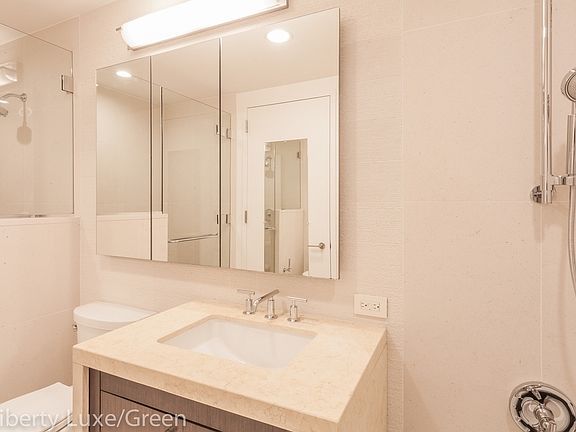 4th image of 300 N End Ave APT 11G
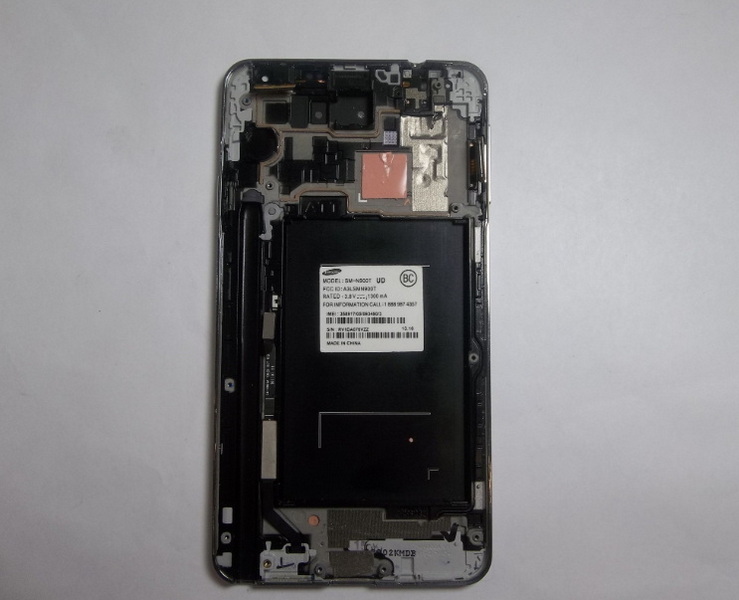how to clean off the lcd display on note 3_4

* * *

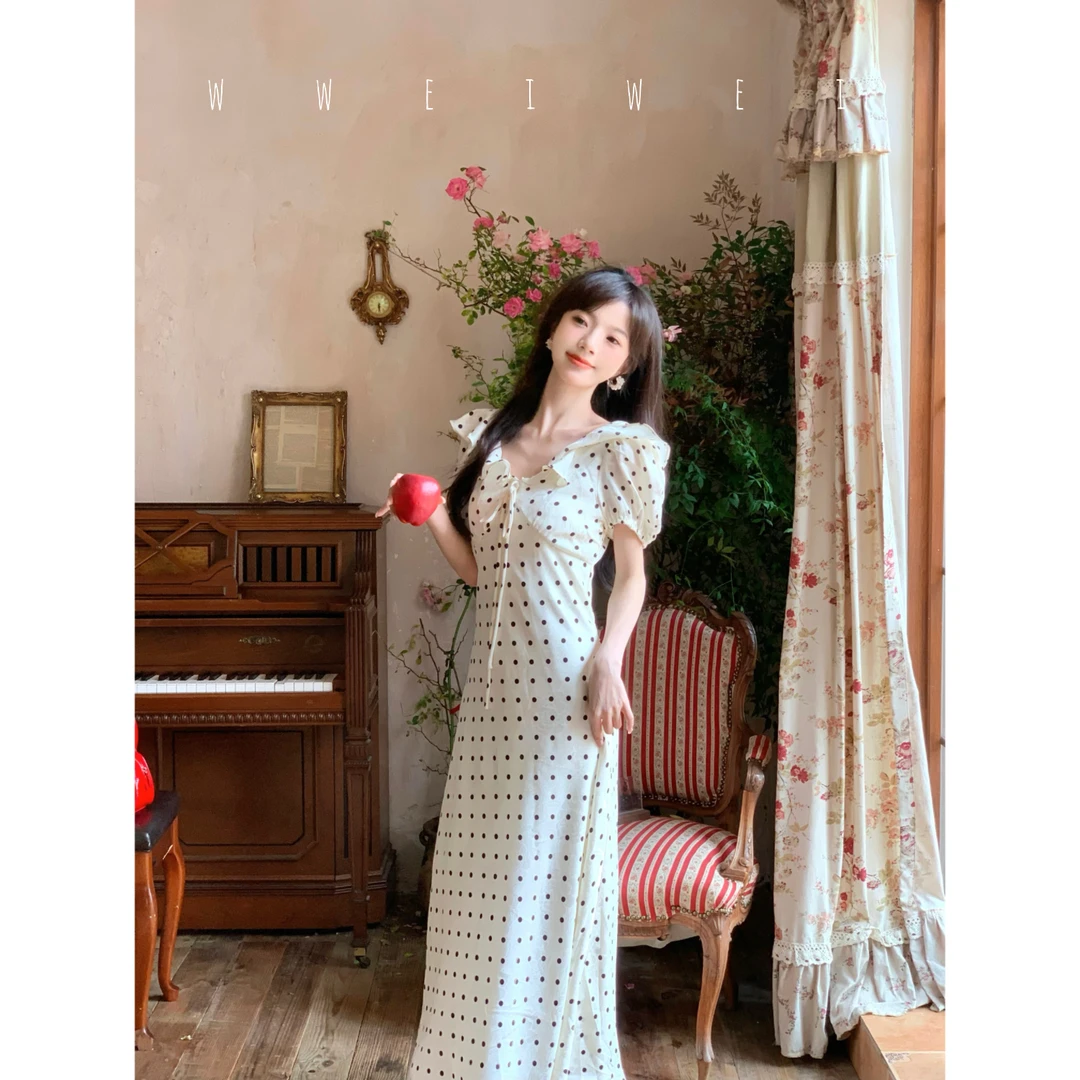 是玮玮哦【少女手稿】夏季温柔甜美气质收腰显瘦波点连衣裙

--

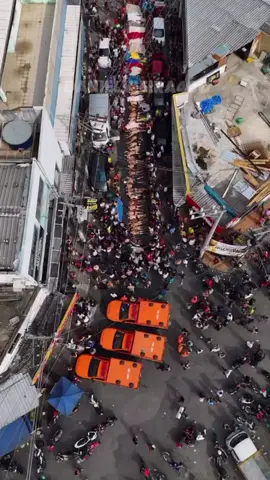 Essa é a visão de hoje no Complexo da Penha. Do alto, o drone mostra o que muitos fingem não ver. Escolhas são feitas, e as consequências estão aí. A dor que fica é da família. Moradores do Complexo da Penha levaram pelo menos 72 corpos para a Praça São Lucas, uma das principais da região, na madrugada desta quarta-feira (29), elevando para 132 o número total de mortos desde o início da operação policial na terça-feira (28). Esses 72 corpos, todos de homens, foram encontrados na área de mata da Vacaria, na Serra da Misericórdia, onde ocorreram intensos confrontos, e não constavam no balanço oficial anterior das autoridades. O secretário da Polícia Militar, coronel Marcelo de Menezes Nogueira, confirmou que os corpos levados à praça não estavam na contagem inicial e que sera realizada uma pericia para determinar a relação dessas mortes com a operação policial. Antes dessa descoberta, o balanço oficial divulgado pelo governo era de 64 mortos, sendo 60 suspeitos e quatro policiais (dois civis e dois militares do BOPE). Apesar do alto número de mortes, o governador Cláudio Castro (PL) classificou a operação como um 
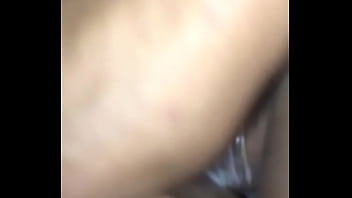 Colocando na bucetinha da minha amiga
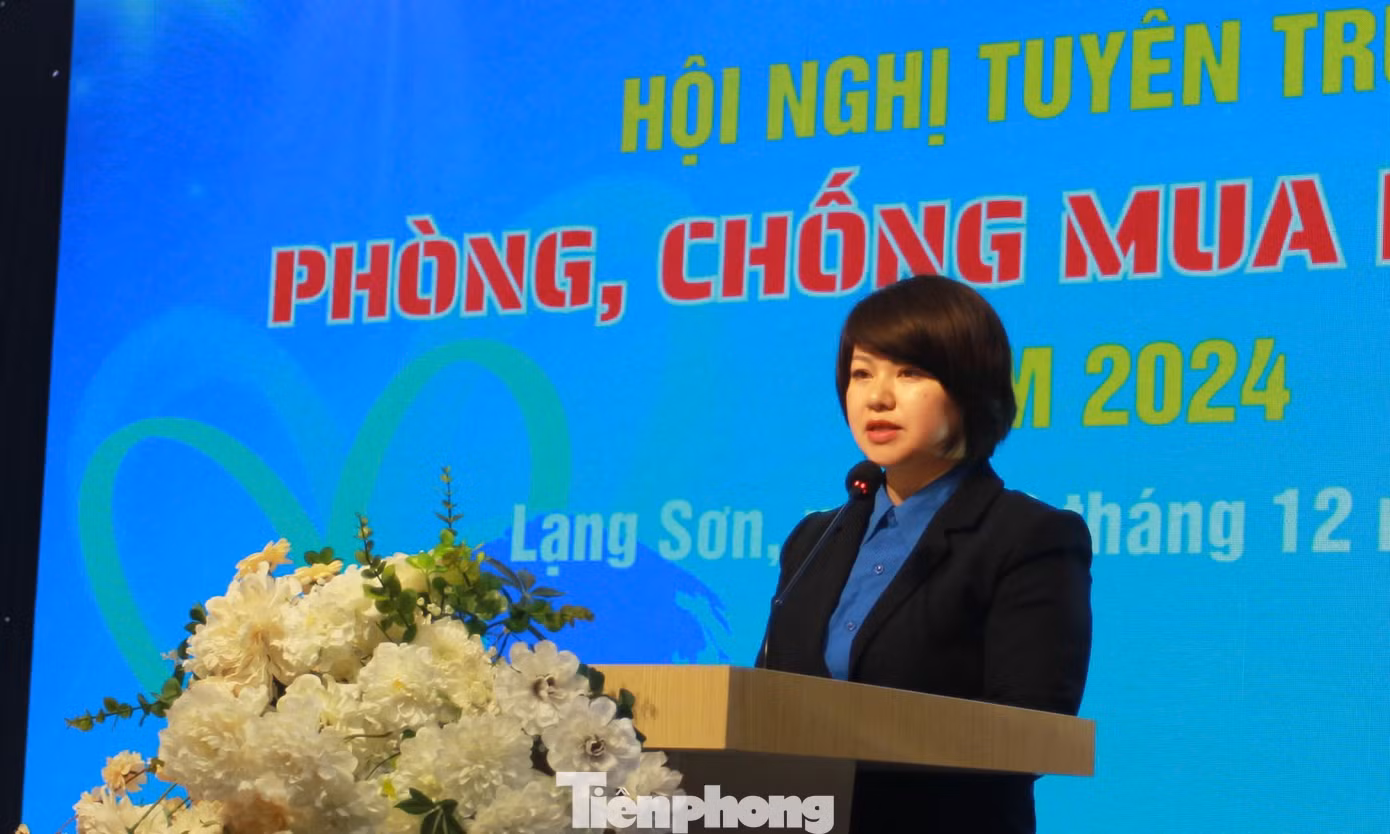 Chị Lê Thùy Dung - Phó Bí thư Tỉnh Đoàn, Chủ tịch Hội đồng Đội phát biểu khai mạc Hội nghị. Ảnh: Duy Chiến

▶ **What you have to do**
Set down again, word for word, every line from the one with "Colocando na bucetinha da minha amiga" to the one with "Chị Lê Thùy" in the entries above, and omit the pictures.

▶ **Reply to the exercise**
 Colocando na bucetinha da minha amiga
 Chị Lê Thùy Dung - Phó Bí thư Tỉnh Đoàn, Chủ tịch Hội đồng Đội phát biểu khai mạc Hội nghị. Ảnh: Duy Chiến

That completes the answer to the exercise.